Malgré la différence indéniable entre les premiers romans et ceux à partir de Dans le labyrinthe, cette éducation poétologique continue après, car les schémas, stéréotypes et clichés dont l’écrivain fait usage dans la deuxième série de ses romans sont puisés dans une culture populaire, et sont donc également faits pour attirer les lecteurs. C’est Jean Thibaudeau qui relève la base commune de ces deux esthétiques, à savoir un rejet de toute prétention à une profondeur ou intériorité quelconque (6, 09 : 41), accompagné d’une préférence nette pour la surface des phénomènes. Tout compte fait, le pari d’une éducation esthétique des lecteurs a été gagné, car les œuvres de l’ancien romancier maudit rencontrent aujourd’hui un accueil plus favorable de la critique et une reconnaissance de plus en plus grande des lecteurs (1, 09 : 04) qui se termine donc par la consécration de l’auteur comme écrivain admis (1, 09 : 25).
En général, Robbe-Grillet présente donc sa carrière de romancier selon le modèle du cheminement de l’avant-garde, à savoir comme une ascension constante du créateur révolutionnaire vers la reconnaissance.
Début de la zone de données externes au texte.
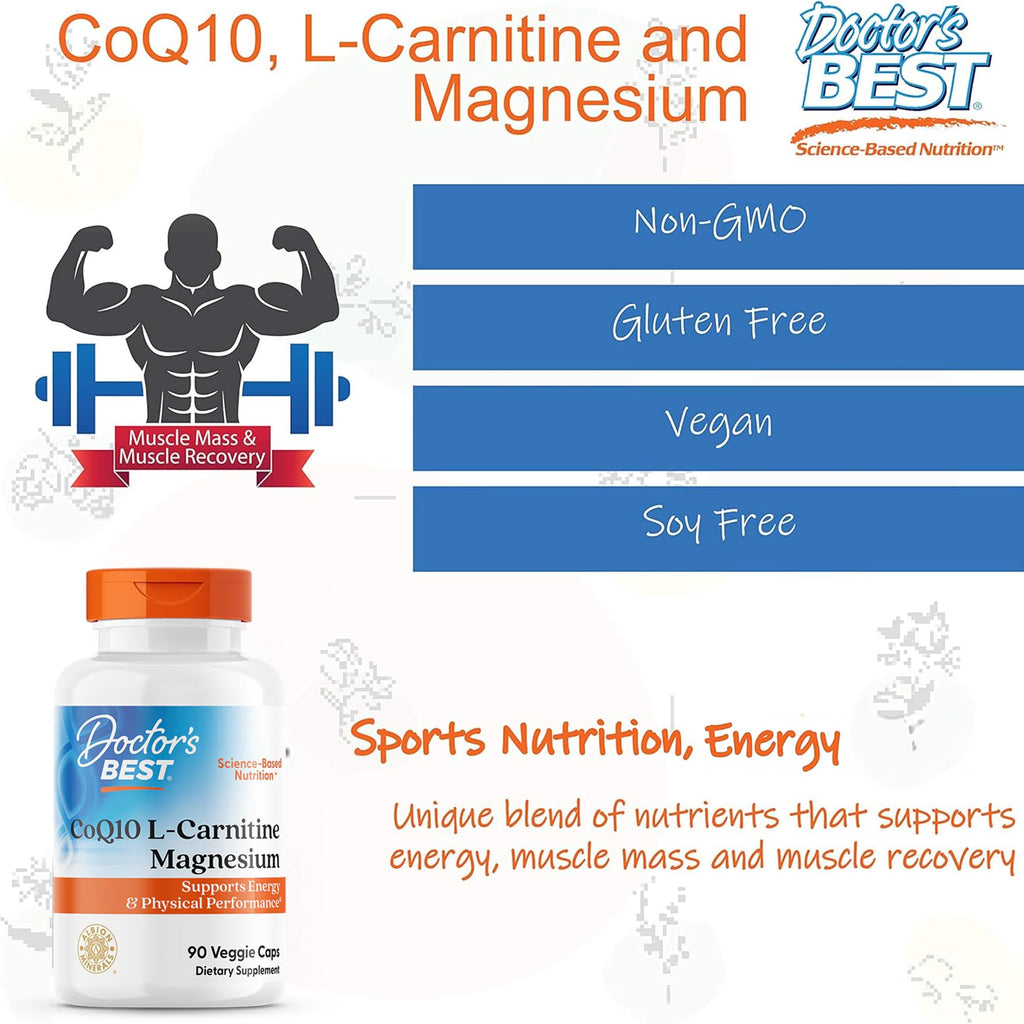 Doctor's Best CoQ10 L-Carnitine Magnesium - 90 Vegetarian Capsules - image 7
En fait, dans les passages dans lesquels il parle de ses débuts comme conseiller littéraire aux Éditions de Minuit, les attitudes qu’il perçoit chez les responsables correspondent exactement à la structure du champ littéraire telle que la sociologie structurale l’a conçue. Selon lui, l’édition littéraire de l’époque était marquée par une opposition très nette entre les grandes maisons d’édition d’une part, qui publiaient des livres traditionnels dont le lectorat était pratiquement assuré et, de l’autre, les petits éditeurs qui publiaient des livres par sens du devoir avant-gardiste sans se soucier de l’accueil qui leur serait réservé et sans essayer particulièrement de les faire lire ou vendre (3, 14 :20). Au contraire, la relation entre le succès de vente d’un livre d’une part et sa légitimité au sein de la littérature de l’autre était inversement proportionnelle : aux éditions de Minuit par exemple, dès qu’un livre se vendait à plus de 300 exemplaires, le conseiller responsable commençait, selon Robbe-Grillet, à douter de sa qualité littéraire.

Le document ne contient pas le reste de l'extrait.